* [Source data]:
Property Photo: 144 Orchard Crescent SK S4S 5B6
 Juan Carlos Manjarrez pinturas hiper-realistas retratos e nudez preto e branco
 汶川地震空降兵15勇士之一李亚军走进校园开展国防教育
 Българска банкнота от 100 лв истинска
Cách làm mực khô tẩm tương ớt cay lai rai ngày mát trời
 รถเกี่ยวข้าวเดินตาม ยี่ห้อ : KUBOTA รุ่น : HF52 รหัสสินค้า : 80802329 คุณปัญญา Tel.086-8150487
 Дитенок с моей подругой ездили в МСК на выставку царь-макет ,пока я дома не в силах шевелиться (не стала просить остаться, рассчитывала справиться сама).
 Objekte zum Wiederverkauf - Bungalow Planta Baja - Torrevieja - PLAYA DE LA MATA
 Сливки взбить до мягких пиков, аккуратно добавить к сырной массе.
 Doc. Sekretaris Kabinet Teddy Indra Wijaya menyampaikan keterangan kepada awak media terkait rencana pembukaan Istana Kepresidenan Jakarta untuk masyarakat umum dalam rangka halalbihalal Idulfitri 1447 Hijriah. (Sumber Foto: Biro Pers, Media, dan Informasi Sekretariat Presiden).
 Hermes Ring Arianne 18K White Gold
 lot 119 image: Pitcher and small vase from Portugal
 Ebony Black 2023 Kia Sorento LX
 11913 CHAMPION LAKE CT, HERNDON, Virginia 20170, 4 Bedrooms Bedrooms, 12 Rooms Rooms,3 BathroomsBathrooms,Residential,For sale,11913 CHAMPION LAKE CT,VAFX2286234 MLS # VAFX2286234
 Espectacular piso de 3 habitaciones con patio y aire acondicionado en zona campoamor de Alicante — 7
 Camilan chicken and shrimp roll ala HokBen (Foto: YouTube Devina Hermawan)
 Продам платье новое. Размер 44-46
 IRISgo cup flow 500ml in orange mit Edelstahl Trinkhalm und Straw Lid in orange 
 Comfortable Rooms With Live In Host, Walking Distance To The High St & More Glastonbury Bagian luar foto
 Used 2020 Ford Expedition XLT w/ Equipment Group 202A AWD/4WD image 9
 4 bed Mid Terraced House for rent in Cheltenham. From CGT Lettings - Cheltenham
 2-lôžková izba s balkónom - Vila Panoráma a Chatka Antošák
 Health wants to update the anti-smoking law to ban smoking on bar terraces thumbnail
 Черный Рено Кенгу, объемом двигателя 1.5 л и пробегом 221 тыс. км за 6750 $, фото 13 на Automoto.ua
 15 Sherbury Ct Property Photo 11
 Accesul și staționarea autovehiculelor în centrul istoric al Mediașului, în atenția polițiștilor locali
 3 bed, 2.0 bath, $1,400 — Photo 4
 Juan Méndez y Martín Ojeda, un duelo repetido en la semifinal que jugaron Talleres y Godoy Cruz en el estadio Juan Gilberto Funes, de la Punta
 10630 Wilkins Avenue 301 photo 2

* [Problem requirements]: What is needed is every line from the beginning of the data up to and including the line with "รถเกี่ยวข้าวเดินตาม ยี่ห้อ : KUBOTA", given again word for word.

* [Solution for this problem]:
Property Photo: 144 Orchard Crescent SK S4S 5B6
 Juan Carlos Manjarrez pinturas hiper-realistas retratos e nudez preto e branco
 汶川地震空降兵15勇士之一李亚军走进校园开展国防教育
 Българска банкнота от 100 лв истинска
Cách làm mực khô tẩm tương ớt cay lai rai ngày mát trời
 รถเกี่ยวข้าวเดินตาม ยี่ห้อ : KUBOTA รุ่น : HF52 รหัสสินค้า : 80802329 คุณปัญญา Tel.086-8150487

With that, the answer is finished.